I’ve been off caffeine since the last few days of 2019. At the end of this month, I’ll be travelling to the desert to participate in a 12 day initiation, also known as a Wilderness Fast (Vision Fast). During this time, I will be fasting for 4 full days (no food, only water).

I have some strong reasons for doing this, and I’ll get into it in post before I leave. But I figured it would be nice to go through the caffeine withdrawals before I get there, rather than when I’m alone and starving, since I won’t have any caffeine with me while I’m there. Thus me weaning and quitting, going on about 2 weeks now. I wanted to talk about this process, and the benefits I’ve received.

There’s a set of cultural blinders around certain drugs we all use. These blinders are seemingly arbitrary, as they are, medically speaking, amongst the most dangerous.
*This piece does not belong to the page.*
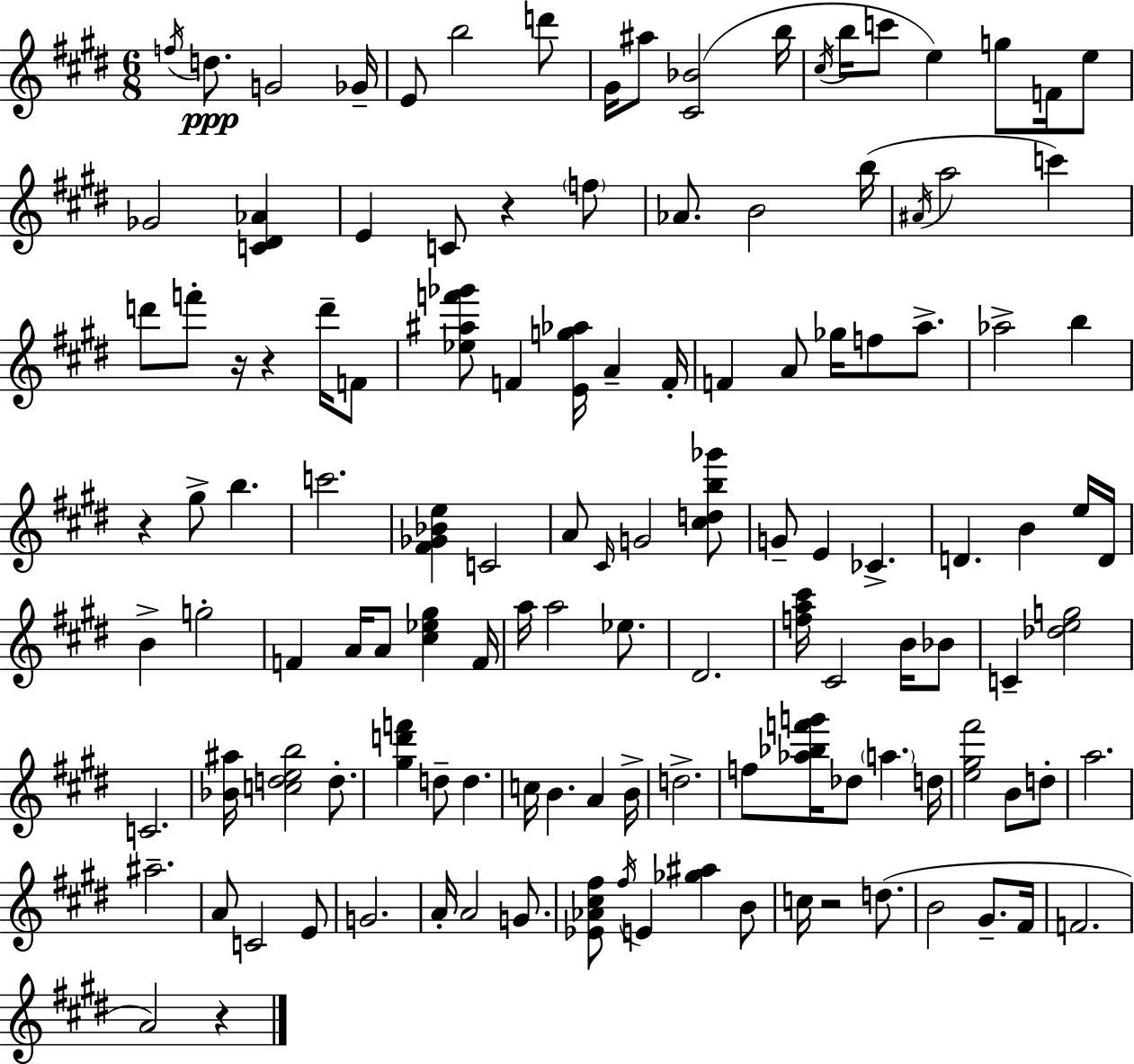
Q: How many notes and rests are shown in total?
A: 125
It is ironic that those drugs whose general toxicity is lower than alcohol, caffeine or tobacco are the most feared and misunderstood in our culture — those known as “psychedelics.” Meanwhile, it doesn’t take much digging under the hood to realize why our end-capitalist culture has attached itself to the “legal” ones.

With caffeine, Terrence McKenna said it best — there’s no better drug to prescribe than one which keeps the user in a state of frenzied, manic productivity, combined with a brief but significant dump of dopamine — insinuating joyful willingness to work. You can see how this would be useful to cultural engineers, whose motives are to encourage the overall speed of life, enhance corporate bottom lines, and get us into debt. Especially when it can be readily and cheaply obtained, made into a social experience, and branded with the especially creepy texture that millennials do best (see the modern hipster cafe) — caffeine just makes sense. And, it comes in delicious flavours. Personally, I find coffee delicious.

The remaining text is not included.